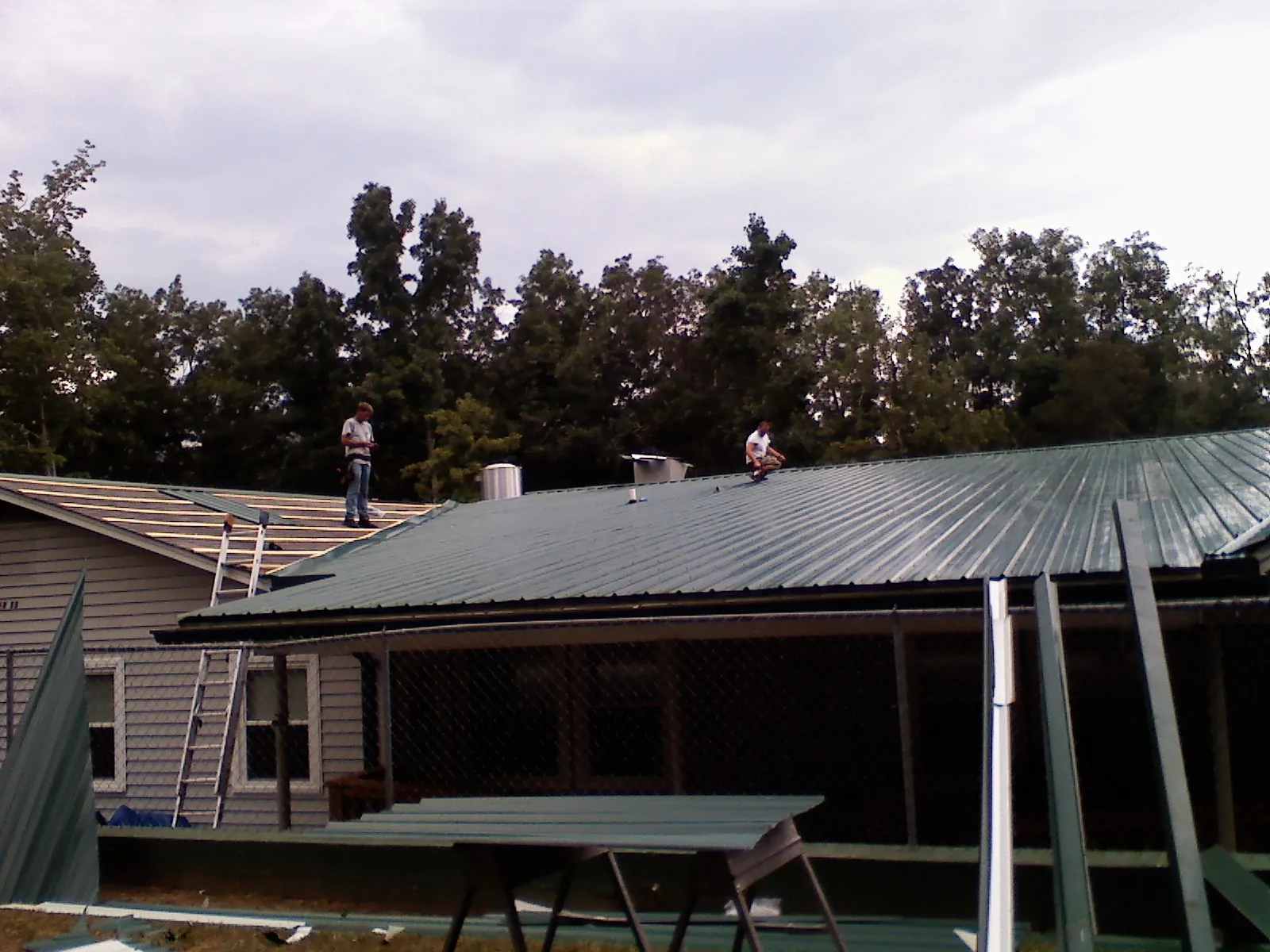 Two roofers installing green metal panels above a covered porch in Van Buren
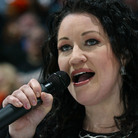 Canadian singer Holly Cole, seen here singing her country's national anthem, performed on Mountain Stage. Canadian singer Holly Cole, seen here singing her country's national anthem, performed on Mountain Stage.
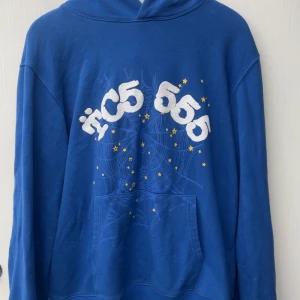 Blå hoodie från sp5der - Blå hoodie med vit och gul tryckt design framtill, där siffrorna 555 och stjärnor syns över ett spindelnätsmönster. Huva och känguruficka framtill. Ärm med gul detalj och små stjärnor. Perfekt för dig som gillar streetwear och coola prints.
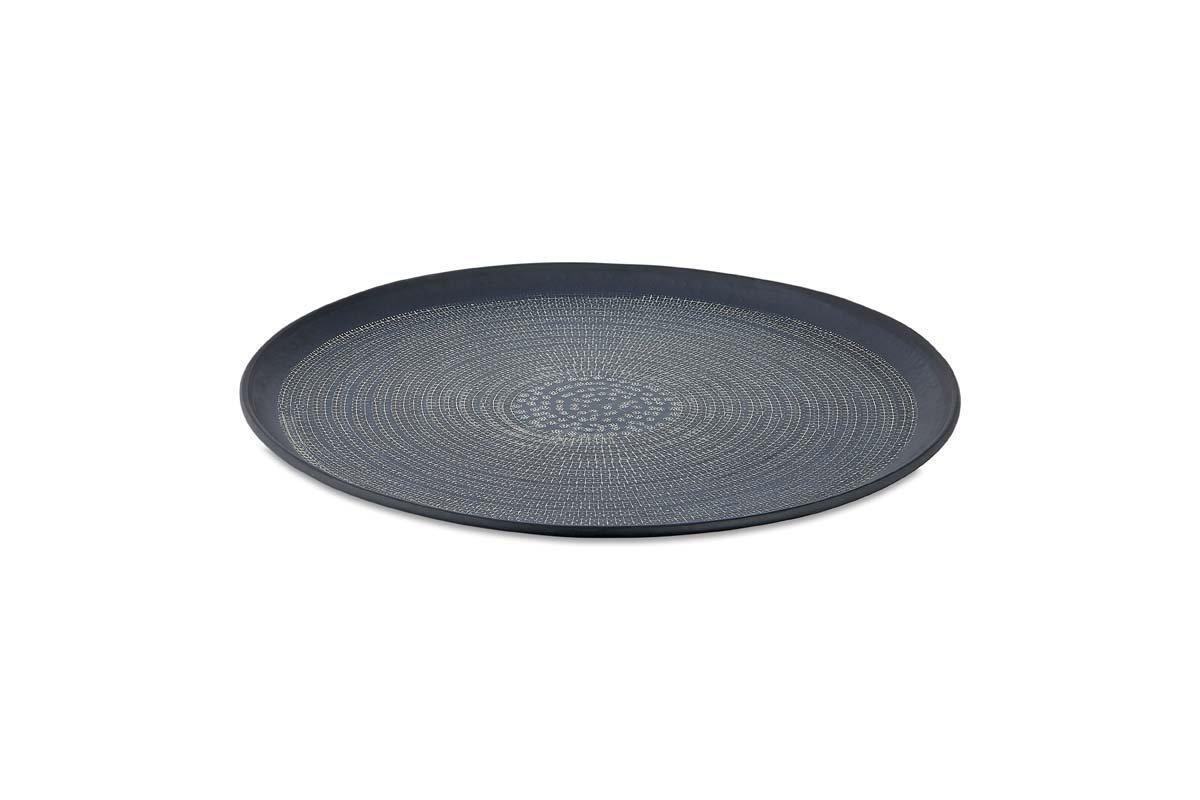 The Mahika Tray - Black by nkuku is a round, shallow aluminium tray with a black finish, raised edge, and hand-etched circular dotted pattern radiating from the center, shown on a plain white background.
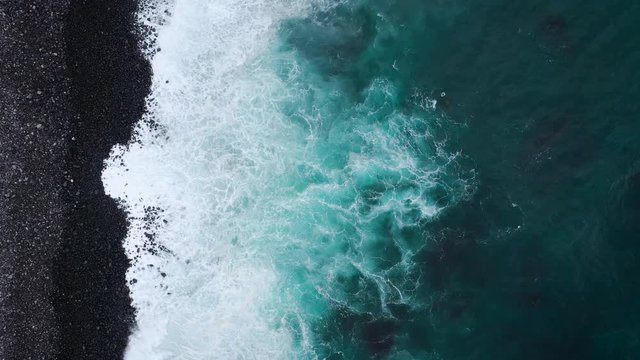 Top view of a deserted black volcanic beach. Coast of the island of Tenerife. Aerial drone footage of sea waves reaching shore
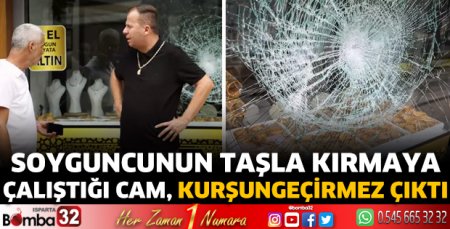 Soyguncunun taşla kırmaya çalıştığı cam, kurşungeçirmez çıktı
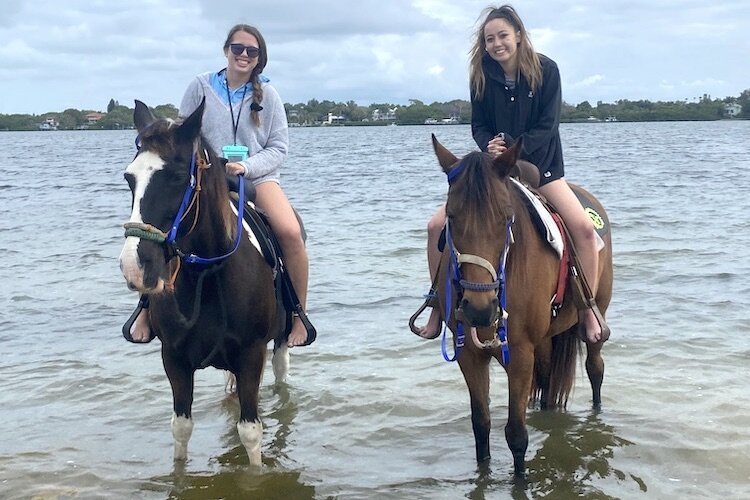 The story's author, Lauren Wong, and her friend, Haley, enjoy a day of horseback riding in the Gulf. 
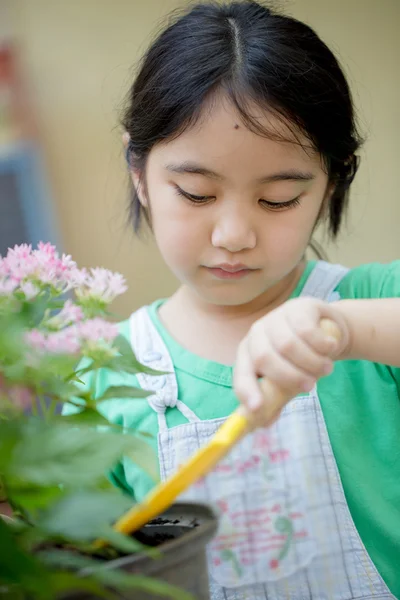 Pequena criança asiática plantando flor — Fotografia de Stock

[ASSIGNED TASK]: Only the lines from the one containing "The story's author, Lauren" through the final line of the records should be retyped, exactly, with every picture omitted.

[RESULT OF THE EXERCISE]:
 The story's author, Lauren Wong, and her friend, Haley, enjoy a day of horseback riding in the Gulf. 
 Pequena criança asiática plantando flor — Fotografia de Stock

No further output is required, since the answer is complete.